WHAT YOU SHOULD DO: Leaving the images behind, copy every line of the records exactly.

DATA FOR ANALYSIS:
• • • • •

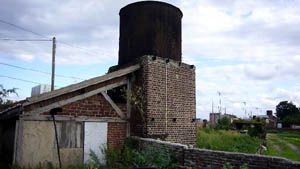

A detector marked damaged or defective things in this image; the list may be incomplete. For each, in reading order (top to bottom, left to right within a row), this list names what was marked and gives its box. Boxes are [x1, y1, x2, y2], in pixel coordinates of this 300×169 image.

rusty metal tank [119, 1, 183, 66]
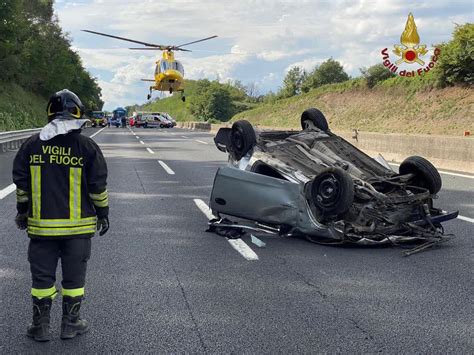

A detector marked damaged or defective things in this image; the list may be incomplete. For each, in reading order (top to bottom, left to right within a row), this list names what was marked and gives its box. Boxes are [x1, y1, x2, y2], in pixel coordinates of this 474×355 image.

damaged vehicle [208, 108, 460, 256]
overturned car [208, 108, 460, 256]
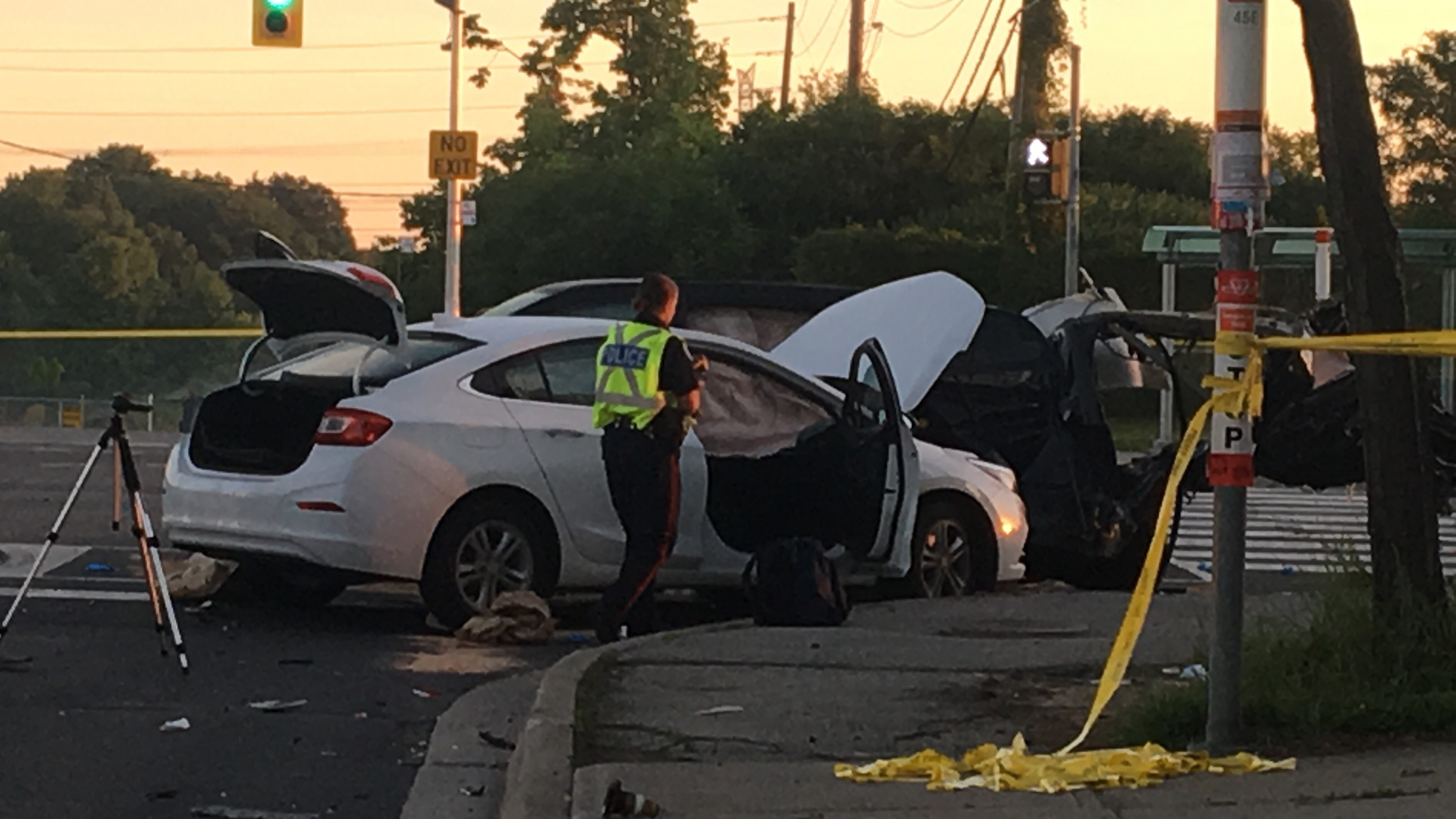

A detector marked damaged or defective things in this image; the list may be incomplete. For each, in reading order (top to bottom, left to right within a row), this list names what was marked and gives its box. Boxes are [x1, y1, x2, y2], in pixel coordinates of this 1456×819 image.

severely damaged white sedan [162, 263, 1023, 627]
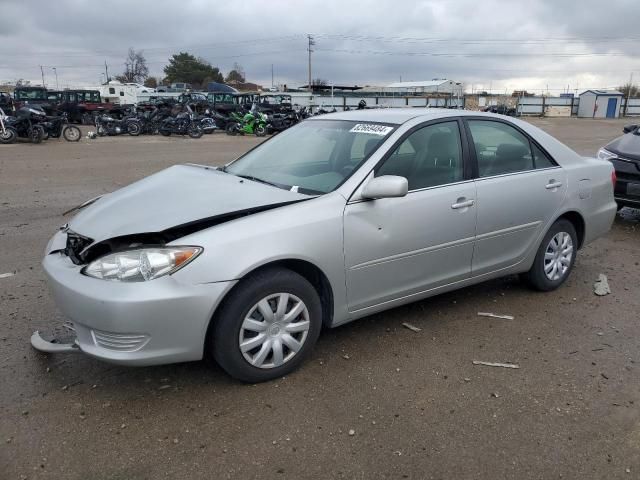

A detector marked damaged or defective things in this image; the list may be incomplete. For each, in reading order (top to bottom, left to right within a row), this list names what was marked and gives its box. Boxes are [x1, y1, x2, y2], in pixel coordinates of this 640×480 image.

crumpled hood [69, 165, 308, 242]
broken headlight [82, 248, 202, 282]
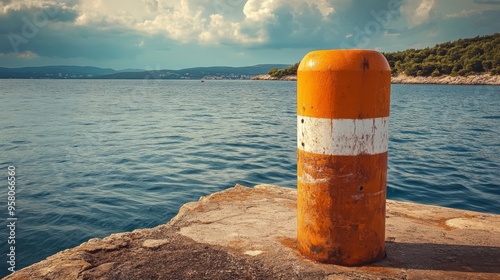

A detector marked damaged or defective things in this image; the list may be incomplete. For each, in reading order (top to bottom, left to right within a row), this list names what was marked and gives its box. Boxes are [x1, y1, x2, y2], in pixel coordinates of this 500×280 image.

rusty orange paint [296, 49, 390, 266]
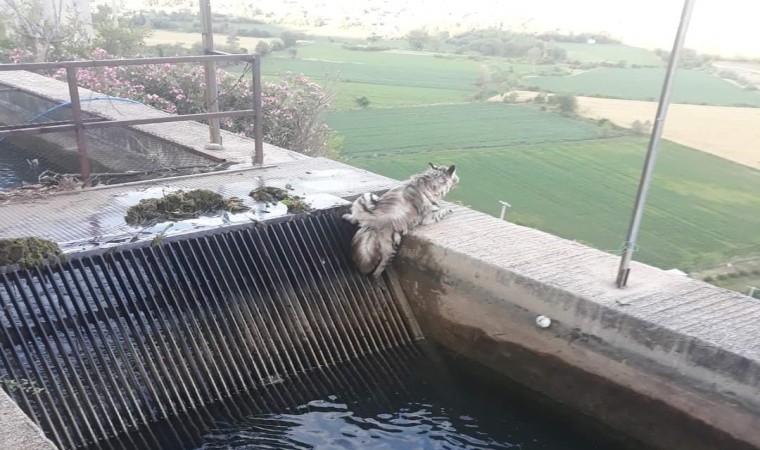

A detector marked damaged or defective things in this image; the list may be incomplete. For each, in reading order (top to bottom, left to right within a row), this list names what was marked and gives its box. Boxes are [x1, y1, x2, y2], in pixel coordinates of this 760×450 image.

rusty metal frame [0, 53, 264, 186]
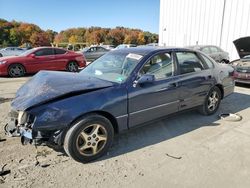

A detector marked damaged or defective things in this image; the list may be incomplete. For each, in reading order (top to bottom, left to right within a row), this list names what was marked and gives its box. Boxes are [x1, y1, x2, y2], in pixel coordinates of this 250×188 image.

crumpled hood [232, 36, 250, 58]
crumpled hood [11, 71, 113, 111]
damaged blue car [7, 46, 234, 162]
front bumper damage [5, 108, 65, 147]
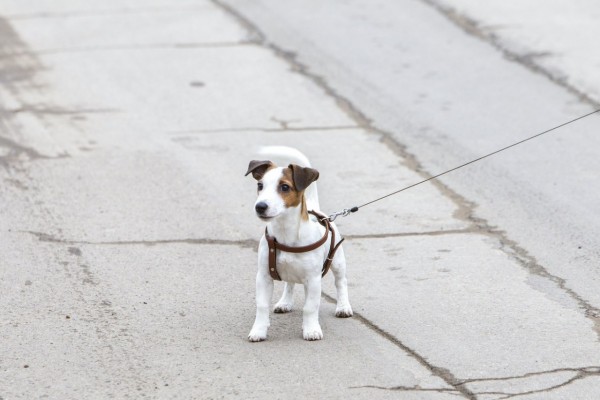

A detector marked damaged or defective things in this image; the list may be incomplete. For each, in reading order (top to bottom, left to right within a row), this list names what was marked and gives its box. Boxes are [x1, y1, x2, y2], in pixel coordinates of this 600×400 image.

pavement crack [418, 0, 600, 108]
pavement crack [24, 230, 258, 248]
pavement crack [322, 292, 476, 398]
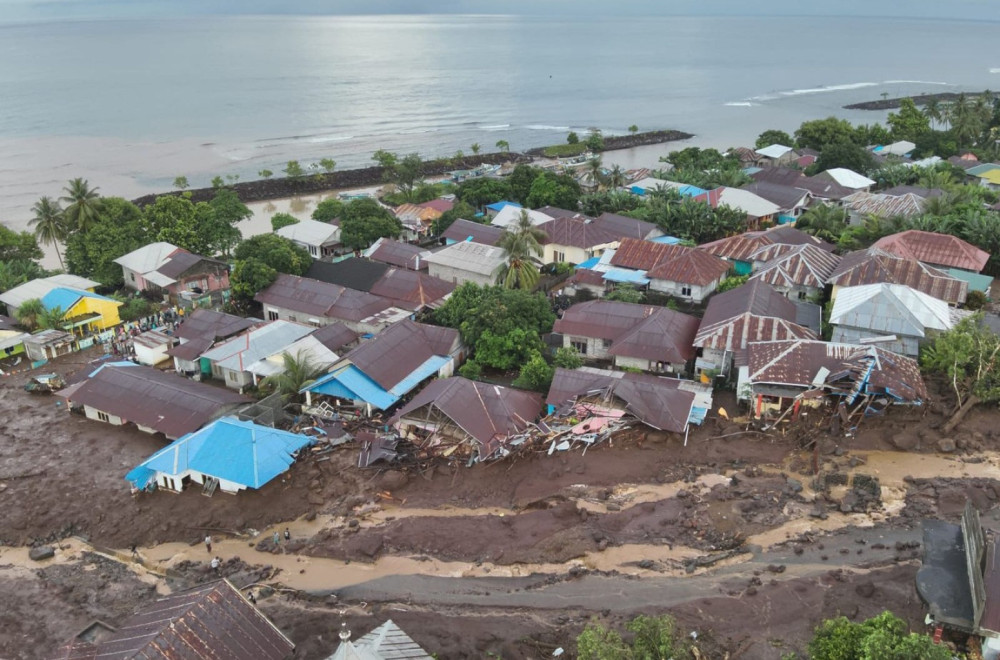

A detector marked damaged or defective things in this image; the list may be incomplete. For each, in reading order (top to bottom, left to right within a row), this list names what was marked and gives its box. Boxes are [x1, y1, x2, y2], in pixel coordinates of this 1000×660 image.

damaged roof [828, 250, 968, 306]
damaged roof [872, 228, 988, 272]
damaged roof [59, 360, 250, 438]
damaged roof [388, 376, 544, 454]
damaged roof [548, 366, 696, 434]
damaged roof [57, 580, 292, 656]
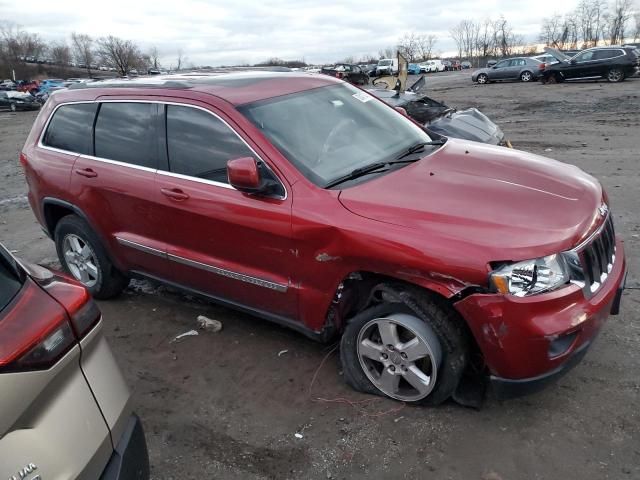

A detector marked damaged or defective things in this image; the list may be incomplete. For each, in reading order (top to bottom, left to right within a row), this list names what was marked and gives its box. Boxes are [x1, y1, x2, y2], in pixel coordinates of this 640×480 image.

wrecked vehicle [320, 63, 370, 85]
wrecked vehicle [370, 77, 504, 146]
wrecked vehicle [540, 46, 640, 83]
wrecked vehicle [20, 73, 624, 404]
dented hood [338, 141, 604, 260]
damaged front bumper [456, 239, 624, 398]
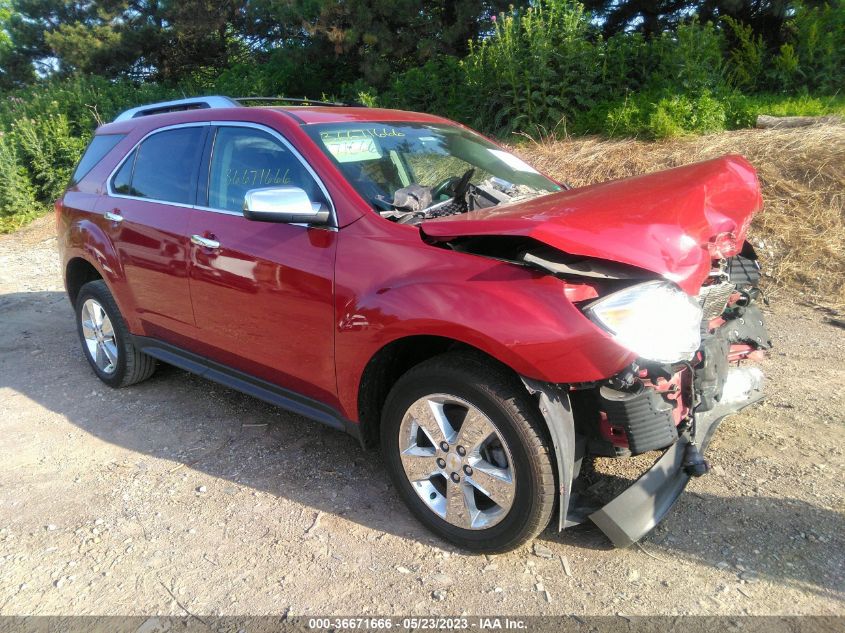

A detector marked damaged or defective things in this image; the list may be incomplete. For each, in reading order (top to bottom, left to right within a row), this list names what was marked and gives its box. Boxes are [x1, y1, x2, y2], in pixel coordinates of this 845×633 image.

crumpled hood [422, 156, 764, 294]
broken headlight [584, 280, 704, 362]
damaged front bumper [524, 366, 760, 548]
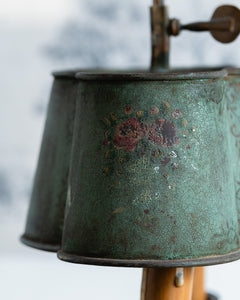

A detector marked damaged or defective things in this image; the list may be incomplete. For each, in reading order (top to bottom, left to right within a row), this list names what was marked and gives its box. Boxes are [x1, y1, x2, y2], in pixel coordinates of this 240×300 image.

corroded toleware shade [20, 69, 78, 251]
corroded toleware shade [57, 69, 240, 268]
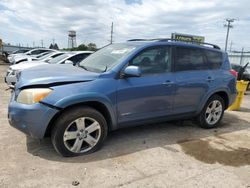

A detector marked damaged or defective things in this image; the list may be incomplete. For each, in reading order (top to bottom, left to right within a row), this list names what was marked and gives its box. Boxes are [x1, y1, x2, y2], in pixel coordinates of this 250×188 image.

damaged vehicle [8, 39, 237, 156]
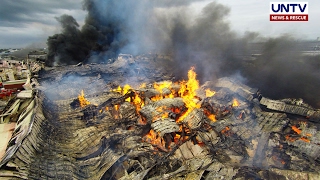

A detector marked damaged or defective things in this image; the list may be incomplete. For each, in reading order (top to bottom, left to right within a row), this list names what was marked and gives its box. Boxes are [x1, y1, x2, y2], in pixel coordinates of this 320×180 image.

fire damage [0, 55, 318, 179]
burned debris [0, 55, 318, 179]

• • • • •

RESULT BELOW:
A detector marked damaged or defective things in this image; the list may be incomplete. For each, in reading order (top to bottom, left to right within a row), this list names what was marked and gives its box. Boxes are [x1, y1, x2, y2], in pixel coordinates of this 300×169 image.

rusty metal tank [119, 1, 183, 66]

A detector marked damaged or defective things in this image; the list may be incomplete. For each, in reading order (top to bottom, left to right within a row), this list names what was marked and gives its box. Boxes are [x1, y1, x2, y2], in pixel coordinates of this 474×355 image.

damaged vehicle [208, 108, 460, 256]
overturned car [208, 108, 460, 256]

A detector marked damaged or defective things in this image; the list may be incomplete. For each, in reading order (top to bottom, left to right within a row), this list names what was marked and gives its box. Boxes are [x1, y1, x2, y2], in pixel coordinates of this 1456×819 image.

severely damaged white sedan [162, 263, 1023, 627]

A detector marked damaged or defective things in this image; the list may be incomplete. For each, in reading order (top to bottom, left to right within a row), this list names what was marked and gives its box. Boxes are [x1, y1, x2, y2], in pixel coordinates of this 640×480 image.

crumpled hood [69, 165, 308, 242]
broken headlight [82, 248, 202, 282]

A detector marked damaged or defective things in this image; the list may be incomplete. For each, in reading order (top to bottom, left to right within a row), this list names what was marked and gives its box. Boxes are [x1, y1, x2, y2], in pixel coordinates of this 500×280 image.

rusty orange paint [296, 49, 390, 266]

A detector marked damaged or defective things in this image; the list may be incomplete. For each, in reading order (top to bottom, left to right within a row), this list names what was marked and gives its box. Boxes are [x1, y1, x2, y2], in pixel coordinates of this 760×450 image.

rusty metal frame [0, 53, 264, 186]

A detector marked damaged or defective things in this image; the list may be incomplete. For each, in reading order (top to bottom, left to right within a row), this list names what was marked and gives its box. Boxes are [x1, y1, x2, y2], in pixel coordinates of this 250×188 image.

crumpled hood [232, 36, 250, 58]
crumpled hood [11, 71, 113, 111]
damaged blue car [7, 46, 234, 162]
front bumper damage [5, 108, 65, 147]

A detector marked damaged or defective things in this image; the list may be incomplete. For each, in reading order (top to bottom, left to right within a row), this list names what was marked and gives its box. Boxes are [x1, y1, x2, y2], in pixel coordinates of this 600×400 image.

pavement crack [418, 0, 600, 108]
pavement crack [24, 230, 258, 248]
pavement crack [322, 292, 476, 398]

A detector marked damaged or defective things in this image; the list may be incomplete. For each, in reading order (top to bottom, left to right within a row), this list names what was marked and gives its box. Boxes are [x1, y1, x2, y2], in pixel coordinates of this 1000×660 image.

damaged roof [828, 250, 968, 306]
damaged roof [872, 228, 988, 272]
damaged roof [59, 360, 250, 438]
damaged roof [388, 376, 544, 454]
damaged roof [548, 366, 696, 434]
damaged roof [57, 580, 292, 656]

A detector marked damaged or defective things in this image; the list may be incomplete. For each, in reading order (top to bottom, left to right within a row), this list names what was marked and gives its box. Boxes are [x1, y1, x2, y2], in pixel coordinates of this 640×480 image.

wrecked vehicle [320, 63, 370, 85]
wrecked vehicle [370, 77, 504, 146]
wrecked vehicle [540, 46, 640, 83]
wrecked vehicle [20, 73, 624, 404]
dented hood [338, 141, 604, 260]
damaged front bumper [456, 239, 624, 398]

A detector marked damaged or defective things in this image; the list may be incomplete. For each, in reading order (top to bottom, left to right within a row), this list names what was marked and gives its box. Boxes are [x1, y1, x2, y2], in pixel coordinates of this 845×633 image.

crumpled hood [422, 156, 764, 294]
broken headlight [584, 280, 704, 362]
damaged front bumper [524, 366, 760, 548]

A detector marked damaged or defective things in this image; the list may be incomplete. For each, in reading order (top to bottom, left to right within a row), this list names what was marked and gives its box. Boxes are [x1, y1, x2, y2], in pixel coordinates of this 240×300 image.

corroded toleware shade [20, 69, 78, 251]
corroded toleware shade [57, 69, 240, 268]

A detector marked damaged or defective things in this image; the list may be incomplete. For each, in reading order (top to bottom, left to right within a row), this list names what was marked and gives its box. Boxes are [x1, y1, x2, y2], in pixel coordinates of this 250×188 image.

damaged vehicle [8, 39, 237, 156]

A detector marked damaged or defective things in this image; the list may be incomplete. For each, in reading order (top to bottom, left to right within a row), this list names what was marked and gives its box. Boxes are [x1, y1, x2, y2], in pixel coordinates of this 320×180 image.

fire damage [0, 55, 318, 179]
burned debris [0, 55, 318, 179]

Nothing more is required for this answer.